• [Requirement] All lines between the start of the listing below and the line containing "Contemporary beige three-seater", inclusive, must be repeated exactly.

☆ ☆ ☆ ☆ ☆ ☆ ☆

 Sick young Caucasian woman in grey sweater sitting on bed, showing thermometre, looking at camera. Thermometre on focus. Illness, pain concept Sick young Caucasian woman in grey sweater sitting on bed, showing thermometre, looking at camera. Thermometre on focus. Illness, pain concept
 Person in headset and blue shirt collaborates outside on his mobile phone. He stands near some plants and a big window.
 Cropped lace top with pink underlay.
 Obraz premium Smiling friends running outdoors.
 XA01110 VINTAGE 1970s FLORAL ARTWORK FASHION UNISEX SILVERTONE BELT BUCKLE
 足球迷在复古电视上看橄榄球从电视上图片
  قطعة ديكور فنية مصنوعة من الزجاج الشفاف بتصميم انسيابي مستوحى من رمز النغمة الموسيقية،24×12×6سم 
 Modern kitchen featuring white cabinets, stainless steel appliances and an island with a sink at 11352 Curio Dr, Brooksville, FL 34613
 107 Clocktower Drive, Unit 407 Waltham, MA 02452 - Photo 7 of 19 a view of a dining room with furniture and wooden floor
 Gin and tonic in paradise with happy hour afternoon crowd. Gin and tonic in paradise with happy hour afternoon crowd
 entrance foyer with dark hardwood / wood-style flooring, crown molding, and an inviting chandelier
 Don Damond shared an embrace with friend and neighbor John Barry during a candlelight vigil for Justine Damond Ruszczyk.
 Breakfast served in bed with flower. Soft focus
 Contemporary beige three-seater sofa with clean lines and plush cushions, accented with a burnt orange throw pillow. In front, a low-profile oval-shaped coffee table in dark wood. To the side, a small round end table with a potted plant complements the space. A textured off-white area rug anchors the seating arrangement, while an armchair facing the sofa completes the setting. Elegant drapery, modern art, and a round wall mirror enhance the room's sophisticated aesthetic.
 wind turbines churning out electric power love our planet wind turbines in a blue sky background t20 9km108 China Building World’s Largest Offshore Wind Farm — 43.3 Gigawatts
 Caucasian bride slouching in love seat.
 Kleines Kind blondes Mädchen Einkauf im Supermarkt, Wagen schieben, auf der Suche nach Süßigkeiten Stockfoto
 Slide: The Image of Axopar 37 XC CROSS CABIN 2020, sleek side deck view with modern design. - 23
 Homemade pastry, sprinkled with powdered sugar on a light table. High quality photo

☆ ☆ ☆ ☆ ☆ ☆ ☆

• [Task answer]
 Sick young Caucasian woman in grey sweater sitting on bed, showing thermometre, looking at camera. Thermometre on focus. Illness, pain concept Sick young Caucasian woman in grey sweater sitting on bed, showing thermometre, looking at camera. Thermometre on focus. Illness, pain concept
 Person in headset and blue shirt collaborates outside on his mobile phone. He stands near some plants and a big window.
 Cropped lace top with pink underlay.
 Obraz premium Smiling friends running outdoors.
 XA01110 VINTAGE 1970s FLORAL ARTWORK FASHION UNISEX SILVERTONE BELT BUCKLE
 足球迷在复古电视上看橄榄球从电视上图片
  قطعة ديكور فنية مصنوعة من الزجاج الشفاف بتصميم انسيابي مستوحى من رمز النغمة الموسيقية،24×12×6سم 
 Modern kitchen featuring white cabinets, stainless steel appliances and an island with a sink at 11352 Curio Dr, Brooksville, FL 34613
 107 Clocktower Drive, Unit 407 Waltham, MA 02452 - Photo 7 of 19 a view of a dining room with furniture and wooden floor
 Gin and tonic in paradise with happy hour afternoon crowd. Gin and tonic in paradise with happy hour afternoon crowd
 entrance foyer with dark hardwood / wood-style flooring, crown molding, and an inviting chandelier
 Don Damond shared an embrace with friend and neighbor John Barry during a candlelight vigil for Justine Damond Ruszczyk.
 Breakfast served in bed with flower. Soft focus
 Contemporary beige three-seater sofa with clean lines and plush cushions, accented with a burnt orange throw pillow. In front, a low-profile oval-shaped coffee table in dark wood. To the side, a small round end table with a potted plant complements the space. A textured off-white area rug anchors the seating arrangement, while an armchair facing the sofa completes the setting. Elegant drapery, modern art, and a round wall mirror enhance the room's sophisticated aesthetic.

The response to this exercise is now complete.